### The data
Segment Open

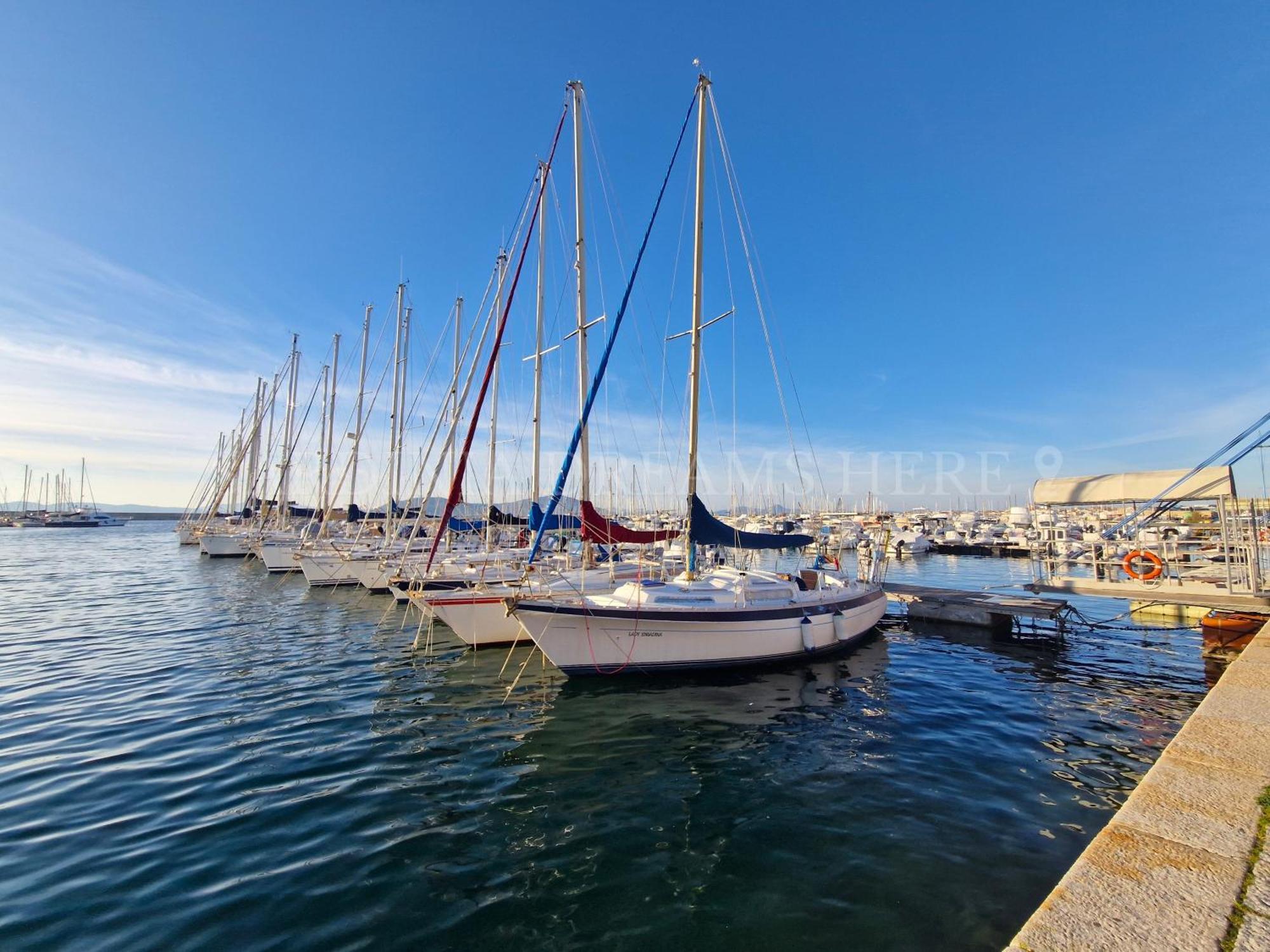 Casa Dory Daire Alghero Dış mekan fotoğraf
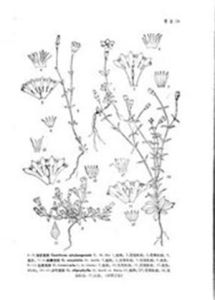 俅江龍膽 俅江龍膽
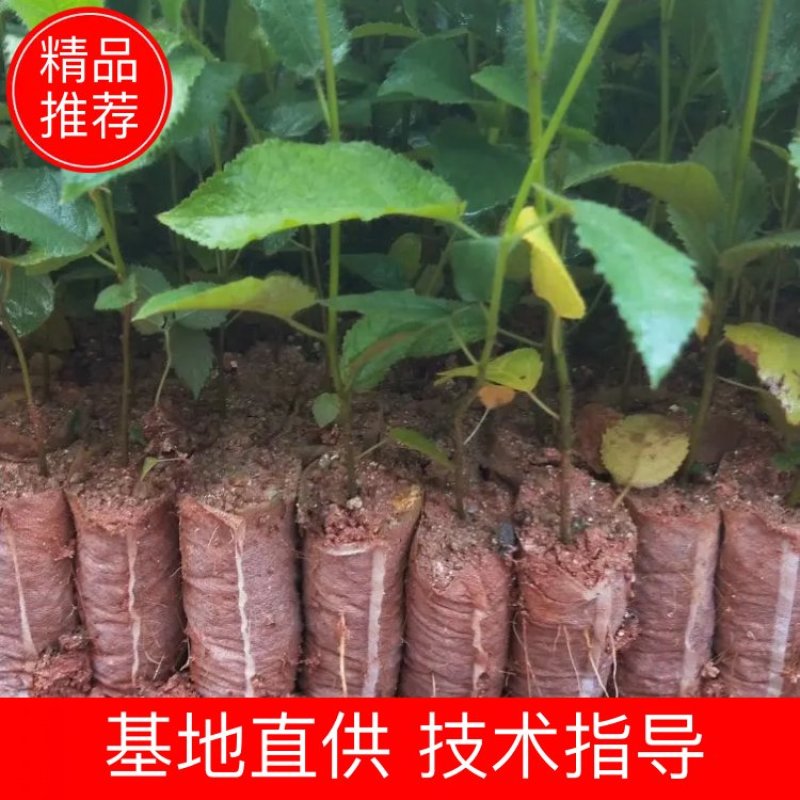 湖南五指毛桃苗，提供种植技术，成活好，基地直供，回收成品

Segment Closed

Reproduce all of the material above word for word. Omit the pictures.

### Written answer
 Casa Dory Daire Alghero Dış mekan fotoğraf
 俅江龍膽 俅江龍膽
 湖南五指毛桃苗，提供种植技术，成活好，基地直供，回收成品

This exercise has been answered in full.